Pesquisa CVA Solutions revela que, apesar do crescimento dos virtuais, a concentração de negócios e a solidez ainda são trunfos dos gigantes do mercado
O domínio digital não é absoluto. Uma pesquisa da CVA Solutions sobre o mercado de bancos e seguradoras revela uma dinâmica competitiva acirrada, com instituições digitais e fintechs ganhando terreno, enquanto as tradicionais se adaptam e usam a força das marcas para recupera terreno. Baseado em 3.688 entrevistas realizadas em maio de 2025 em todo o Brasil, o estudo foca na percepção dos clientes, valor, fidelidade e recomendação de produtos e serviços financeiros.
O levantamento mostra que o número de contas correntes por cliente cresceu significativamente desde 2019, impulsionado pela oferta de contas digitais com isenção de tarifas. Em 2025, a média de contas por cliente é de 3,4, um aumento notável em relação à média de 1,9 em 2019.
Os bancos virtuais já representam 49% do total de contas correntes no mercado. No entanto, o principal desafio para eles é se tornarem a “conta principal” dos clientes, onde a maioria dos recursos e transações são concentrados. Atualmente, o share dos bancos virtuais em contas principais cai para 38%, resultando em um índice de Share of Wallet (SOW) de 77.
Entre os motivos pelos quais os clientes não usam bancos virtuais como principal, a pesquisa destaca:
- Recebimento de salário em outro banco (48,5%).
- Falta de agências (30%).
- Falta de contato presencial (22,1%).
- Limite de crédito baixo (21,4%).
- Percepção de que o banco tradicional é mais sólido e seguro (20,2%).

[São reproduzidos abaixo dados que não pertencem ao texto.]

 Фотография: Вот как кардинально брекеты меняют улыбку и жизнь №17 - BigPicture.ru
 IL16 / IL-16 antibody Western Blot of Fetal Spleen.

A pesquisa sugere que os bancos virtuais precisam conquistar a conta salário, aumentar os limites de crédito, cultivar um bom relacionamento com os clientes e fortalecer a imagem de solidez e segurança para aumentar sua rentabilidade.
Pix revoluciona
O meio de pagamento digital Pix se consolidou como o meio de pagamento com maior penetração na população bancarizada, alcançando 94,7% de uso em 2025. A sua adoção impactou diretamente o uso de outros meios, como transferências bancárias, dinheiro em espécie e boletos, que foram os mais afetados pelo seu crescimento. O Nubank lidera o uso do Pix, seguido por Itaú e Banco do Brasil.
Ranking e força da marca
No ranking de Banco Principal, o Nubank mantém a liderança, com 19,6% do share e em crescimento. O Itaú se recuperou e voltou a crescer, enquanto Banco do Brasil, Caixa Econômica Federal e Bradesco registraram queda. Entre os bancos tradicionais, Itaú, Banco do Brasil, Bradesco e Santander possuem o maior Share of Wallet (SOW) geral.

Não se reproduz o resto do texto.